At a glance.
- PoC exploits released for CitrixBleed 2.
- Suspected Chinese government hacker arrested in Italy.
- New ransomware gang surfaces.
PoC exploits released for CitrixBleed 2.
Researchers at watchTowr and Horizon3 have published proof-of-concept exploits for CVE-2025-5777, a critical flaw affecting Citrix NetScaler ADC and Gateway devices, BleepingComputer reports. The vulnerability is being referred to as "CitrixBleed 2" due to its similarity to 2023's CitrixBleed flaw (CVE-2023-4966), though Citrix stresses that the two flaws are unrelated.
An attacker can exploit the vulnerability by sending incorrect login requests, causing the NetScaler appliance to display 127 bytes of arbitrary memory. By sending repeated HTTP requests, the attacker can eventually extract legitimate user session tokens.
Citrix maintains that there's no evidence of exploitation in the wild, but security researchers are disputing this claim. Users are urged to patch the flaw as soon as possible.
Suspected Chinese government hacker arrested in Italy.
Italian police arrested a 33-year-old Chinese national on a US warrant accusing the man of conducting industrial espionage on behalf of the Chinese government, Reuters reports. The suspect, Xu Zewei, was arrested at Milan's Malpensa Airport on July 3rd and is awaiting extradition to the United States. The US alleges that Xu is tied to the PRC-affiliated threat actor Silk Typhoon (also known as "Hafnium"), which targets a wide range of sectors around the world. The group made headlines in 2020 for its focus on entities conducting COVID-19-related research. More recently, the threat actor breached the US Treasury Department's Office of Foreign Assets Control (OFAC) and Committee on Foreign Investment in the United States (CFIUS).

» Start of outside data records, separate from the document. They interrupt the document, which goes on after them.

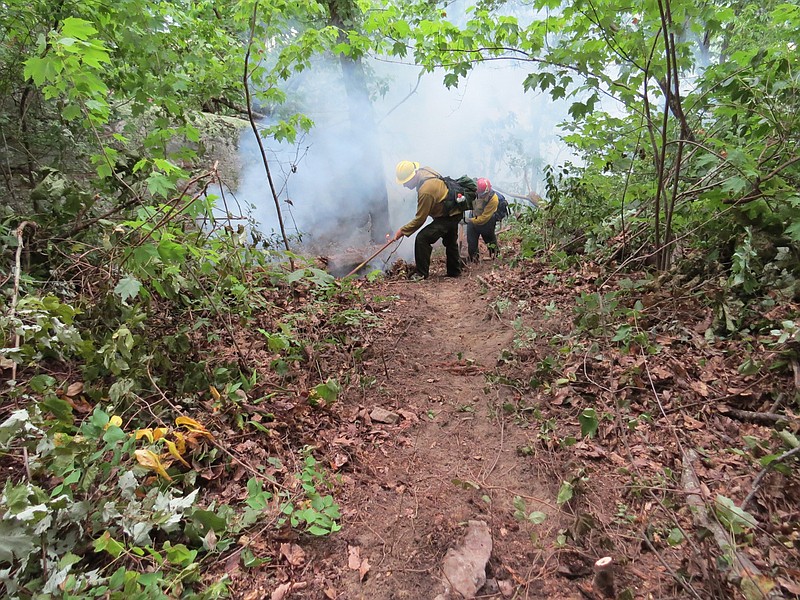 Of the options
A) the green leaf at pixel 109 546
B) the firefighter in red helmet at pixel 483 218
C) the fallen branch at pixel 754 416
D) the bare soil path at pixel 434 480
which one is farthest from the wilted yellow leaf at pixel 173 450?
the firefighter in red helmet at pixel 483 218

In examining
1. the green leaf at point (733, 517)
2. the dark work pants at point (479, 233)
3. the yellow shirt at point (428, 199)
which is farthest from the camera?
the dark work pants at point (479, 233)

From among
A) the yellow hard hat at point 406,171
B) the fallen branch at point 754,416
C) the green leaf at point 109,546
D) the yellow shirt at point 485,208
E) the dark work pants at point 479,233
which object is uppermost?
the yellow hard hat at point 406,171

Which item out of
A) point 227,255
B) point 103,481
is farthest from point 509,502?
point 227,255

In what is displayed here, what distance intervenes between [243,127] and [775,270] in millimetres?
8912

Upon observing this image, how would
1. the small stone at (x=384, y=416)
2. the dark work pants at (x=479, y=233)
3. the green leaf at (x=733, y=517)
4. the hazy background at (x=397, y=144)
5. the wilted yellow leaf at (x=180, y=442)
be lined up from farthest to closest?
the hazy background at (x=397, y=144) < the dark work pants at (x=479, y=233) < the small stone at (x=384, y=416) < the wilted yellow leaf at (x=180, y=442) < the green leaf at (x=733, y=517)

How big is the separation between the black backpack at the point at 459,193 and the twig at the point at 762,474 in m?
5.22

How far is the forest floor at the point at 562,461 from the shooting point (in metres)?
1.62

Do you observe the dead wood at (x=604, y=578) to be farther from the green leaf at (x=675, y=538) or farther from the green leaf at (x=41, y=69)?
the green leaf at (x=41, y=69)

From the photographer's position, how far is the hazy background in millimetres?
9234

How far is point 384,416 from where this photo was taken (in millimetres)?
2799

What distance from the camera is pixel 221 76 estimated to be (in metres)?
4.80

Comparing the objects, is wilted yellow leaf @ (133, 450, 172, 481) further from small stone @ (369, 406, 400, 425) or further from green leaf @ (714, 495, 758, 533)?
green leaf @ (714, 495, 758, 533)

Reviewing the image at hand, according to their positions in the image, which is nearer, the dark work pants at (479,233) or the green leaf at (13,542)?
the green leaf at (13,542)

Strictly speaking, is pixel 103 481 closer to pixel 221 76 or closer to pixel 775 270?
pixel 775 270
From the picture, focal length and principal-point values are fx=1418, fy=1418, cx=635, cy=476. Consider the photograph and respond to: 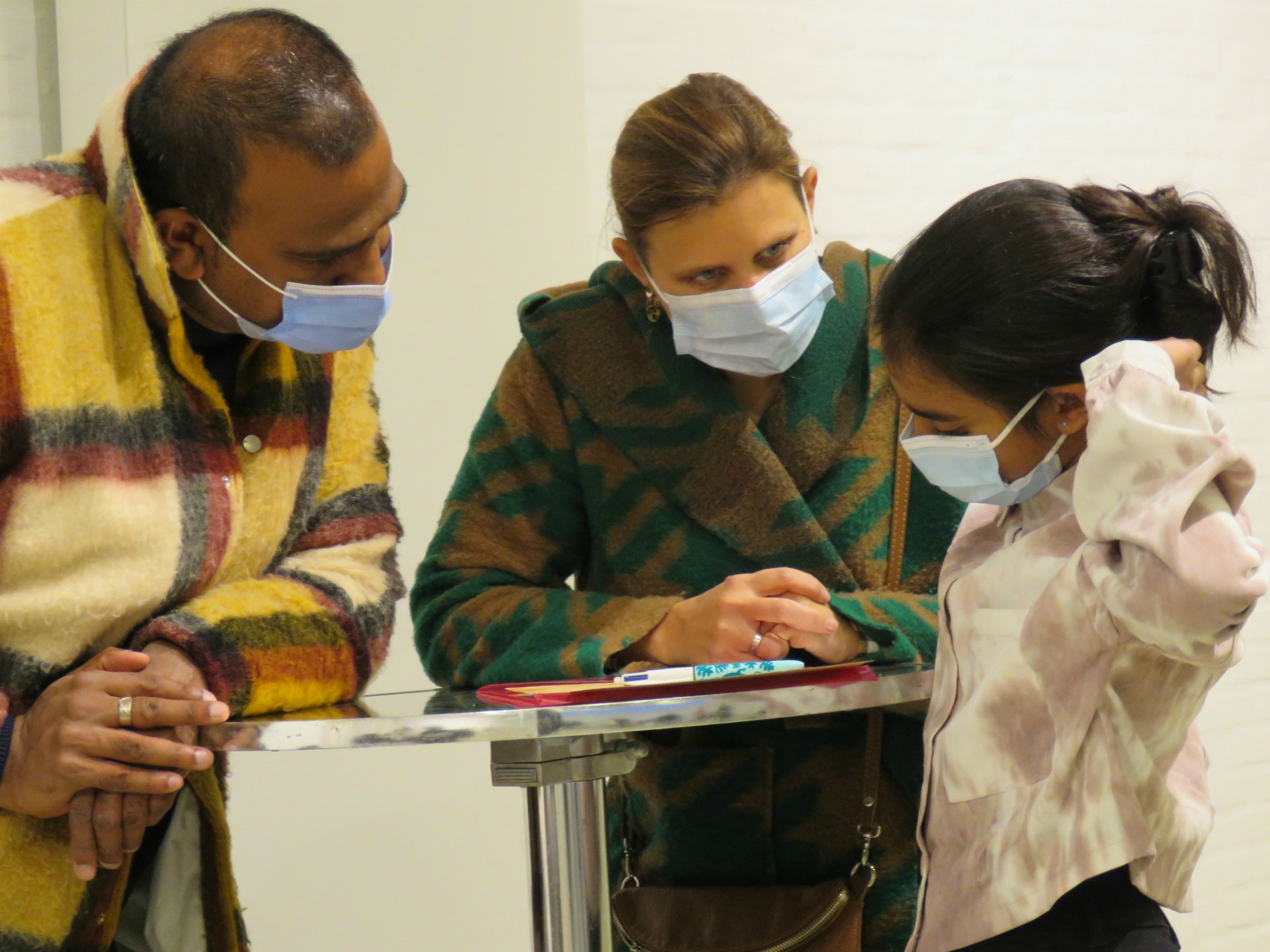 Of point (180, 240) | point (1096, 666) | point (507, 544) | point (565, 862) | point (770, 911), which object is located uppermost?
point (180, 240)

New ransomware gang surfaces.
Trend Micro warns that a new ransomware group dubbed "BERT" is targeting entities in Asia, Europe, and the US, with a focus on the healthcare, technology, and event services sectors. The gang's ransomware targets both Windows and Linux systems. The researchers note, "Further investigation suggests that the group may have derived from the Linux variant of REvil, originally identified in early 2021 and known for targeting ESXi servers and Linux. Another report confirms the overlap between the leaked Babuk source code and the ESXi lockers attributed to Conti and REvil. Although the REvil group was dismantled in 2022, it is likely that the group reused code from the REvil Linux variant."